Obligatory still half-asleep pre-race selfie.
The forecast was for partly cloudy and in the 70s. Didn’t sound too bad to me, but when I got outside, the humidity hit me like a rock.
I hit the port-a-potties as soon as I arrived (they provided hand sanitizer too!), then picked up my shirt and bib number.
The start line had markers to section people off by pace, which was nice. It helped people to line up properly. I got in the 10:00-12:00 section. My plan was to start around a 10:30 pace and see how I felt from there.
Mile 1: 10:58
I started off a little fast (this is a 10k, not a 5k, Jess!), but soon found a good pace around 10:30. Looking up at the sky, I noticed that all the clouds were gone. It was going to be full-on sun with little shade for six miles.
There was no water station at the one mile mark, but I took a quick break anyway. I hadn’t realized how hilly the course was, and it was starting to take its toll on me.
Mile 2: 11:36
My hair, which was up in a ponytail and the way I’ve been wearing it while running for the past month or two, kept falling down. So another quick walk break to pin it back into place.
I enjoyed a nice downhill and then walked an uphill and through the first water station. I knew I was falling off goal pace, but I was still confident I could achieve my C goal and get a PR.
Mile 3: 12:33
This is the mile where it all started to fall apart. I started walking all uphills, which was most of this mile. The sun and humidity were killing me, and I couldn’t believe I wasn’t even halfway yet. I wanted nothing more than to be done. I started to doubt my PR abilities.
Mile 4: 12:48
It seemed like everyone around me was struggling as well. I was still running near some of the people I had started the 10:30 pace with, so it seemed like several people were being affected by the hills and the heat. My PR, while still attainable, was starting to slip away.
Mile 5: 13:00
To really put the nail in the coffin of not getting a PR, I had some mad cramp start in my lower left side.
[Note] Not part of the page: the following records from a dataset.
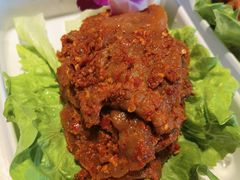 麻辣牛肉-渝蛙先生领鲜美蛙老火锅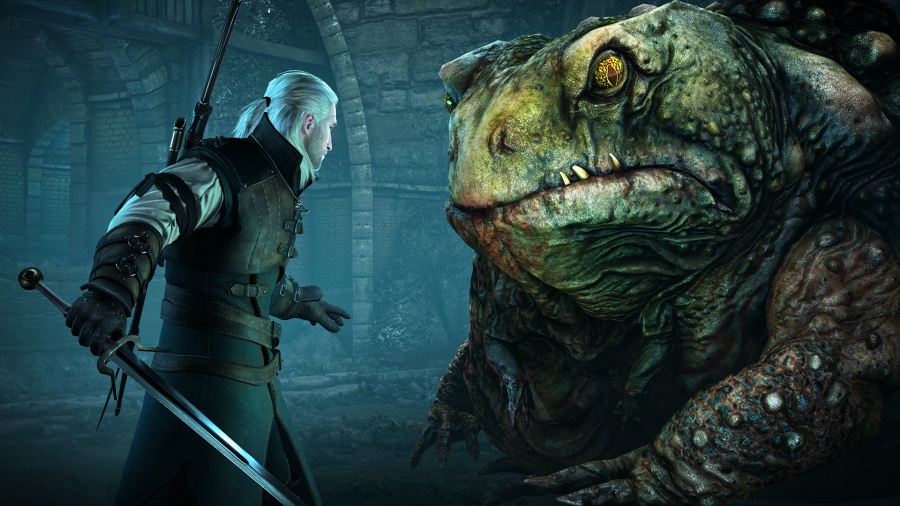 The Witcher 3: Wild Hunt - Hearts of Stone Review - Screenshot 2 of 5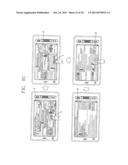 Mobile Terminal and User Interface of Mobile Terminal diagram and image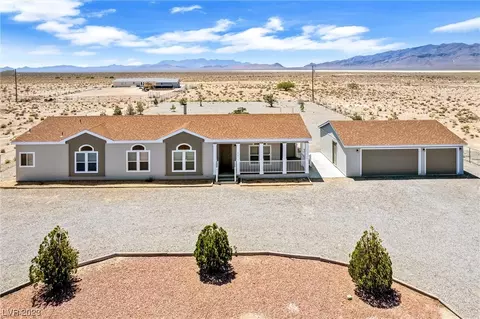 2121 Traci St, Pahrump, NV 89048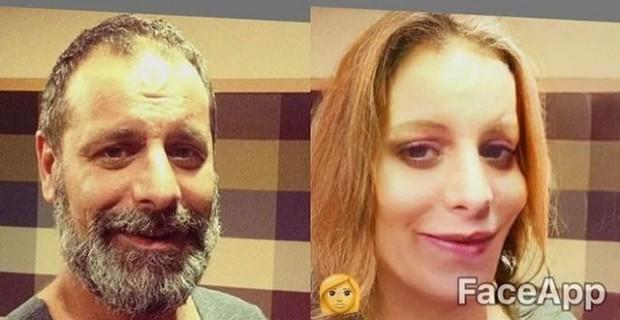 Erkek Ünlüler Kadın Olsaydı Nasıl Görünürdü?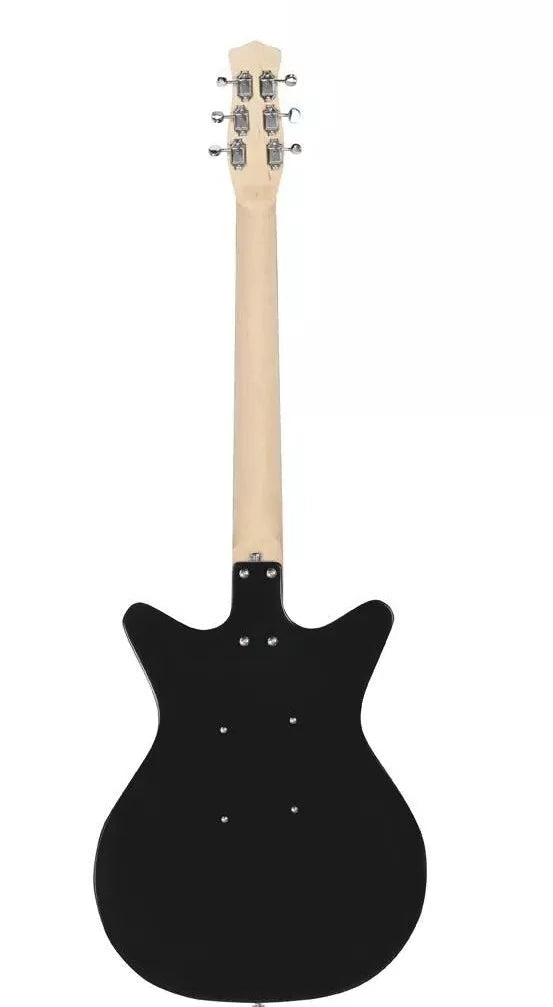 Danelectro D59S-BLACK 59 Guitare électrique (Noir)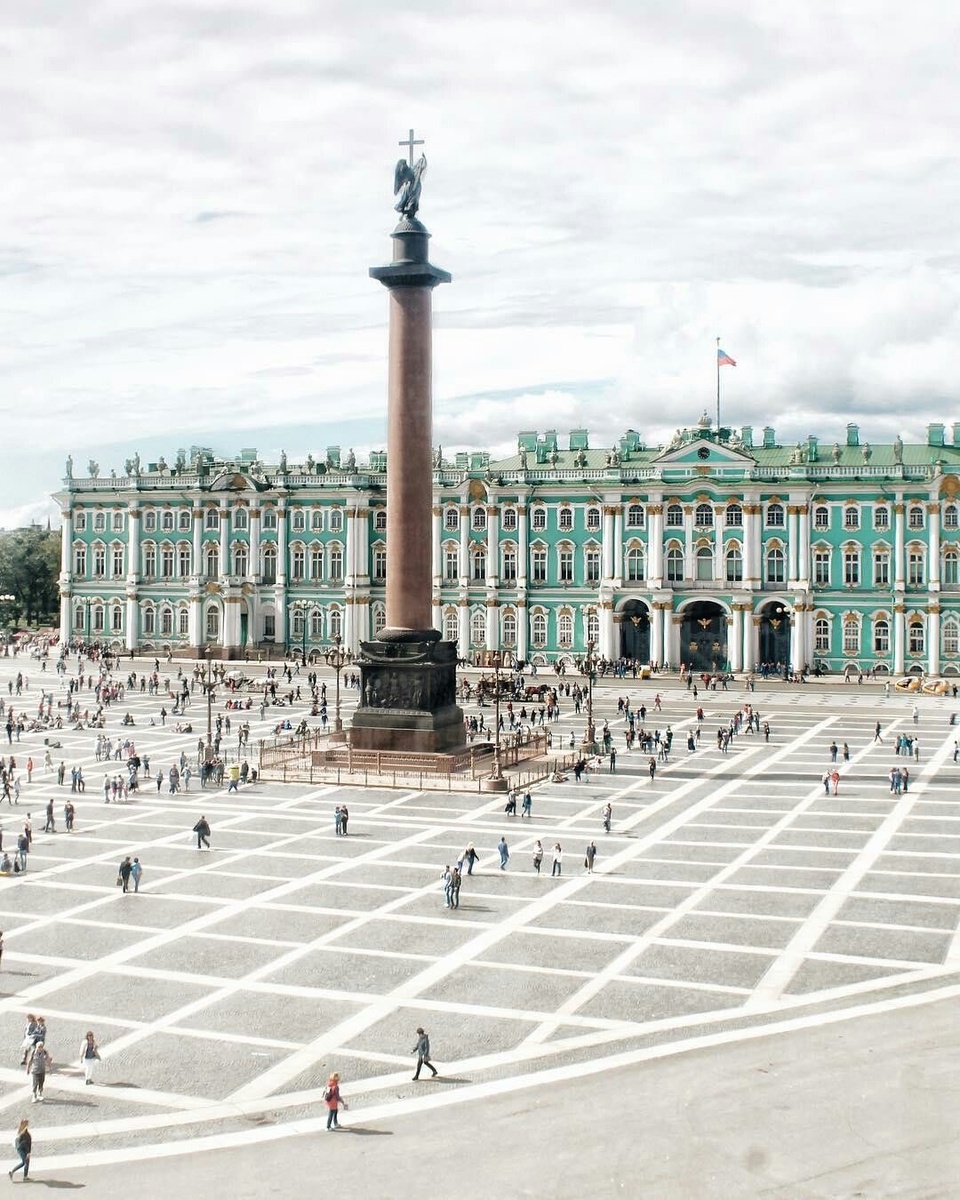 Санкт-Петербург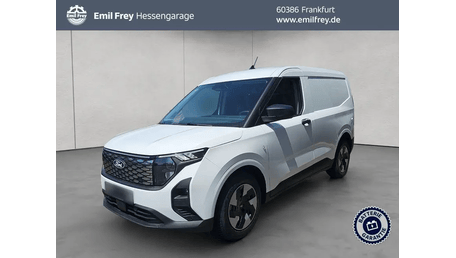 Ford e-Transit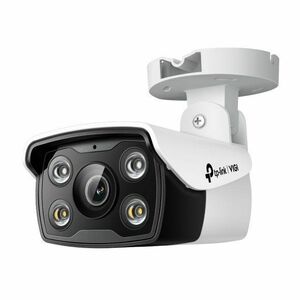tp-link VIGI C340(2.8mm), VIGI 4 MPx venkovní bullet síťová kamera s plnobarevným nočním viděním obraz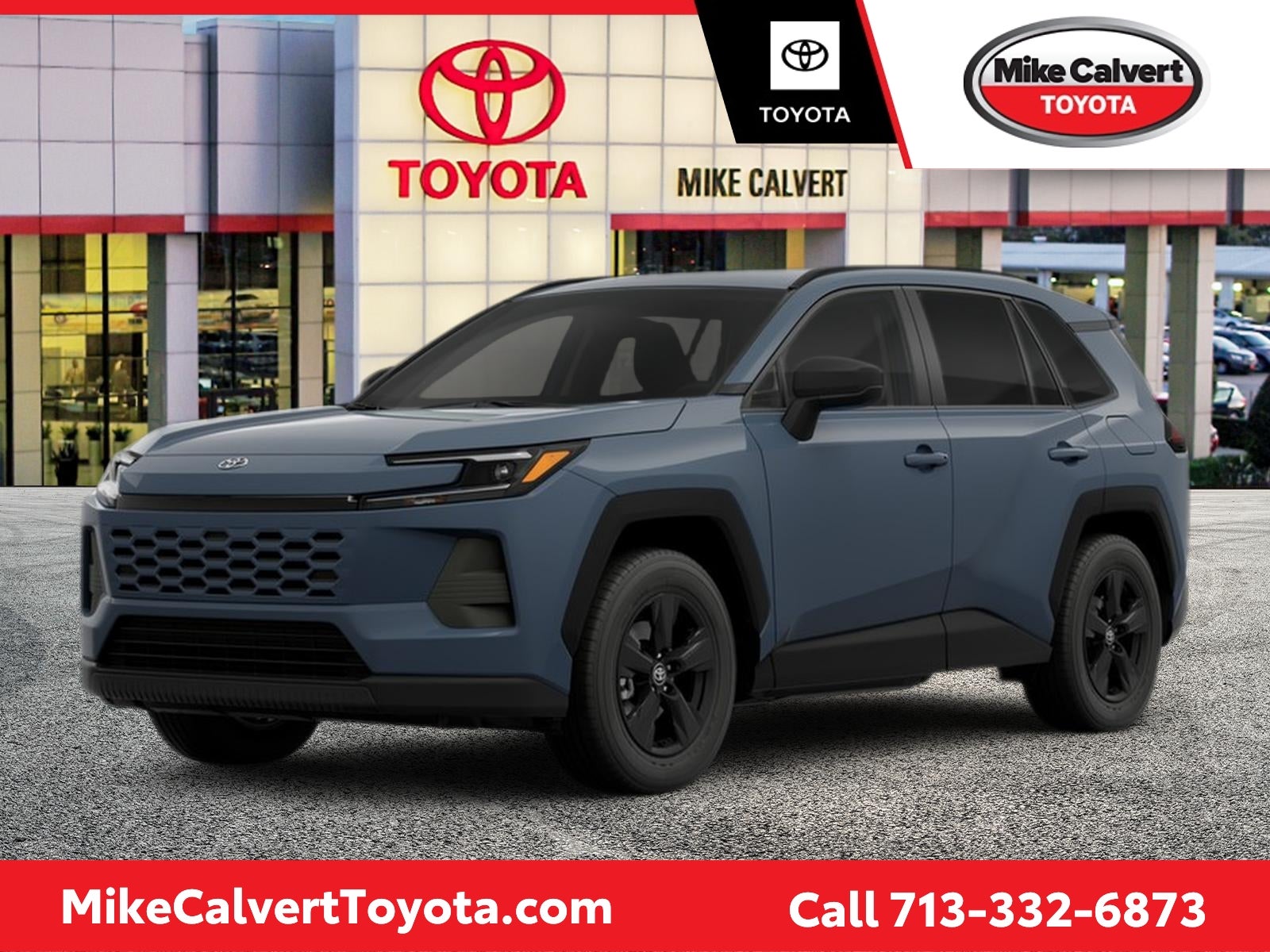 2026 Toyota RAV4 LE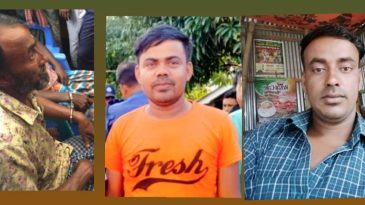 শাল্লায় প্রতিপক্ষকে ফাঁসাতে হেলাল খুনের ,আসামী গ্রেফতার-৩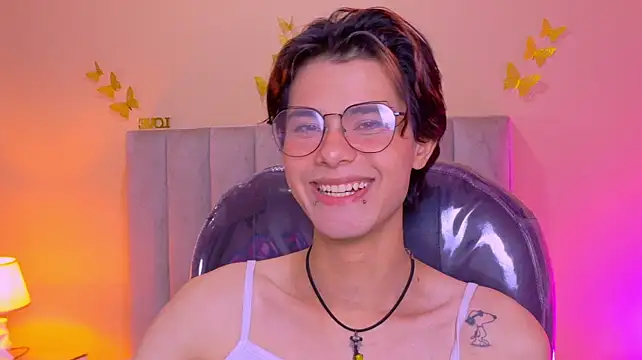 Webkamerová show Derek_Sinn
It wasn’t a normal side stitch, which is usually just below the rib cage. This was much lower. It would only happen when I was running; while walking I felt fine. So I started running in about 30 second bursts until I couldn’t take the pain anymore.
My hair was still falling down (I think it was trying to sabotage me), so I finally just used one of my walk breaks to stick it in pigtails.
Mile 6: 12:23
Despite the cramp, I tried to push it a little more on this mile, knowing I was almost done. I managed a three minute stretch of running once there was only a half mile left in the race. One more walk break, then…
Final 0.2 (0.24 to my Garmin): 2:06 (8:56 pace)
I sprinted in with everything I had, in so much pain it was ridiculous. I hit the stop button on my watch and looked at the time. 1:15…so close.
Official Time: 1:15:41
One minute off of my PR. But I don’t think I could have pushed anymore. If that cramp hadn’t shown up, sure, but there was nothing I could do once it decided to make an appearance. I still don’t know what caused it. It wasn’t GI-related that I could tell.
No complaints about the race itself! It was well-organized and inexpensive. Crowd support was decent, especially around downtown Franklin. The route was well-marked and the police controlled traffic nicely when we crossed major roads. Just be warned that the course is pretty much entirely rolling hills (though none of them are steep).
My watch time was about 20 seconds faster than the official time. No idea why. They are usually closer, but it’s not a big enough margin to think there was something off with the timing.
My only real annoyance was that I guess there were no official race photographers, but it’s not really a complaint because it was an inexpensive race where I wouldn’t really expect them anyway. I guess my complaint is that *someone* (that I thought was an official photog) took my picture right before the finish line, and I have no idea how to find that picture! Thus the delay in getting this posted; I kept expecting it to pop up somewhere.
Edited to add: The picture finally got posted on their Facebook page. Yay!
Photo credit: Backroads Photography
As you can see from this graph, it was really the hills that killed me. This is what I get for mostly trying to avoid hills all summer, since my target 5k was flat.
While I spent over 40% of my time at the correct pace or faster, I also spent about 40% of my time walking. Not good. (By contrast, a race where I only walk water stops is about 1-8% walking, depending on the number of stations.)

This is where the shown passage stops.